Der Kriminalbeamte Dan Thacker stand mitten im Raum, wo Mrs Farrell einst ihre Ausgehschuhe abgestreift hatte. Er sah Cate nicht an, nahm ihre Gegenwart kaum zur Kenntnis. Stattdessen hatte er den Blick starr auf die trauernde Mutter gerichtet. Der Mann war groß und stand leicht gebückt, wodurch Cate vom Rasieren gerötete Haut seitlich am Hals erkennen konnte. Seine Kieferpartie wirkte angespannt.

Cate sah sich im Zimmer um. Es hatte sich wenig verändert.
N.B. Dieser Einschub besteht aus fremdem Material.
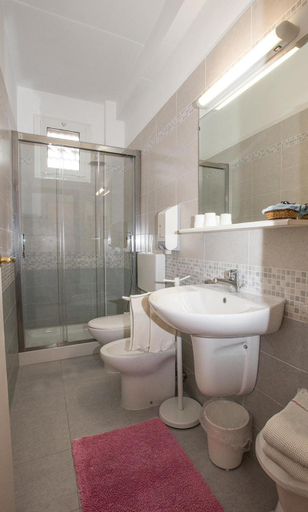 Bathroom 4, Hotel Lido, Gorizia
Die Vorhänge waren immer noch zugezogen, und sie fragte sich, ob Mrs Farrell sie seit dem Tag, an dem ihre Tochter nicht nach Hause gekommen war, überhaupt je geöffnet hatte. Ihr Blick wanderte zu dem über dem Kamin hängenden Spiegel. Die Worte »Spieglein, Spieglein …« gingen ihr flüchtig durch den Kopf und verschwanden wieder.

Es war ihr nach wie vor nicht gelungen, Heaths verächtlichen Blick aus ihrer Erinnerung zu verbannen.
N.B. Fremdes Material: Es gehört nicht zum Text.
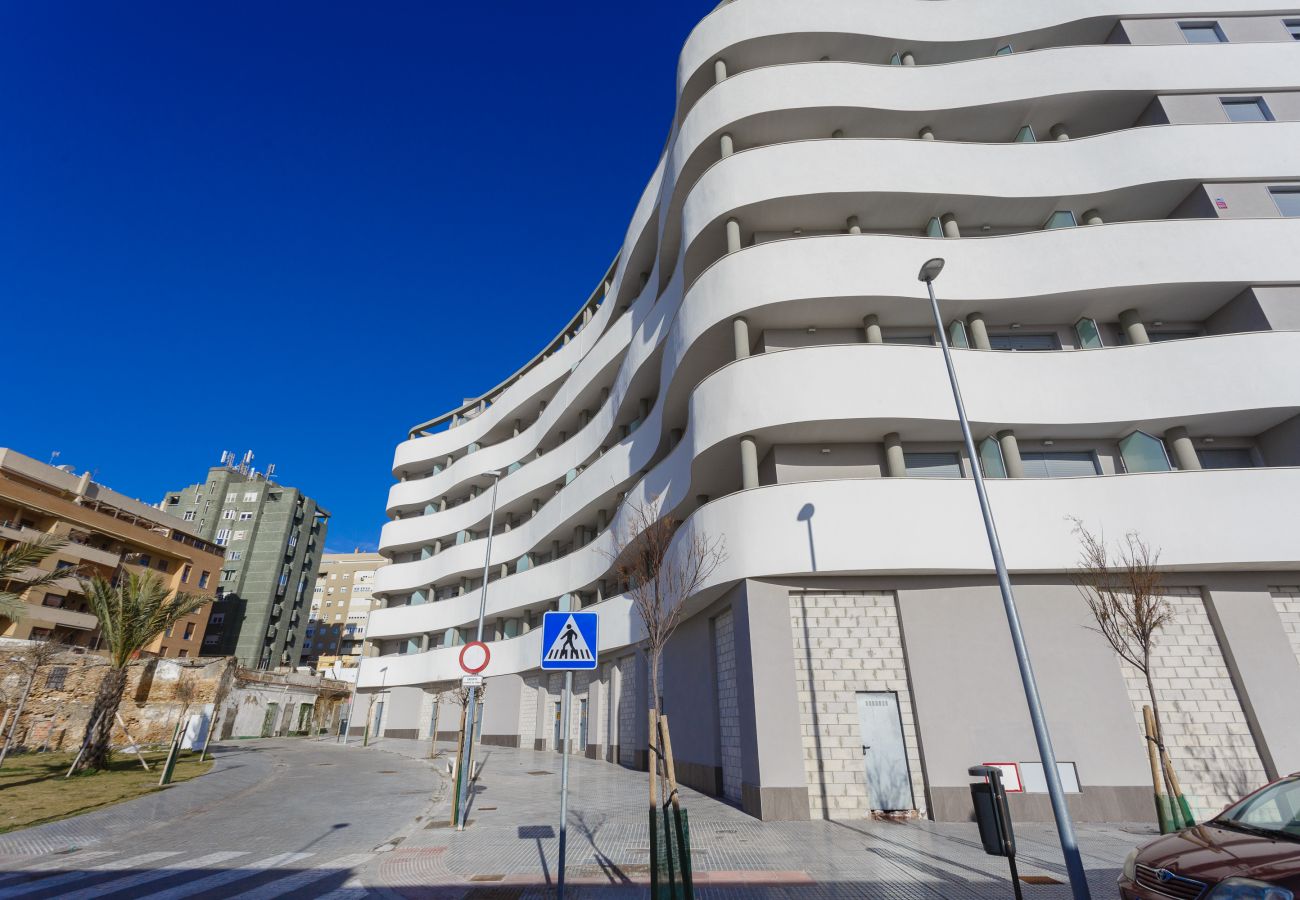 Apartamento en Cádiz - POSEIDON Beach Apartment & parking by Cadiz4Rental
»Sie haben also die Tanzveranstaltung verlassen«, sagte Thacker mit leiser, weicher Stimme. »Wissen Sie noch, wie spät es war?«

Mrs Farrell schaute zu ihm auf und anschließend weg, als hätte sie die Worte kaum begriffen und lediglich ihren Klang wahrgenommen. Sie murmelte etwas, das Cate nicht verstehen konnte.

»Mrs Farrell? Es könnte hilfreich sein, wenn Sie sich daran erinnern.«

Ihre Hände bewegten sich unruhig auf ihrem Schoß. »Ich weiß es nicht mehr. Ich weiß es nicht mehr.«

Als Dan Thacker wieder das Wort ergriff, klang seine Stimme sanfter. »Haben Sie Ihre Tochter noch einmal gesehen, bevor Sie gegangen sind?«

Sie schüttelte den Kopf und seufzte.

Cate verließ ihren Sitzplatz, kniete sich neben Mrs Farrell und ergriff die Hand der Frau. »Es tut mir leid, dass wir diese Dinge durchkauen müssen«, sagte sie. »Ehrlich, wenn wir nicht der Meinung wären, es könnte helfen, würden wir das nicht von Ihnen verlangen. Was ist passiert, als Sie Chrissie zuletzt gesehen haben? Erinnern Sie sich vielleicht noch daran, was sie zu Ihnen gesagt hat?«

Die Frau schaute zu ihr auf. »Sie … sie wollte, dass ich aufhöre, sie wie ein Kind zu behandeln.« Kurz schwieg sie und biss sich auf die Unterlippe. »Sie war mit ihren Freundinnen zusammen. Sie verhält sich immer so, wenn sie …« Unvermittelt verstummte sie.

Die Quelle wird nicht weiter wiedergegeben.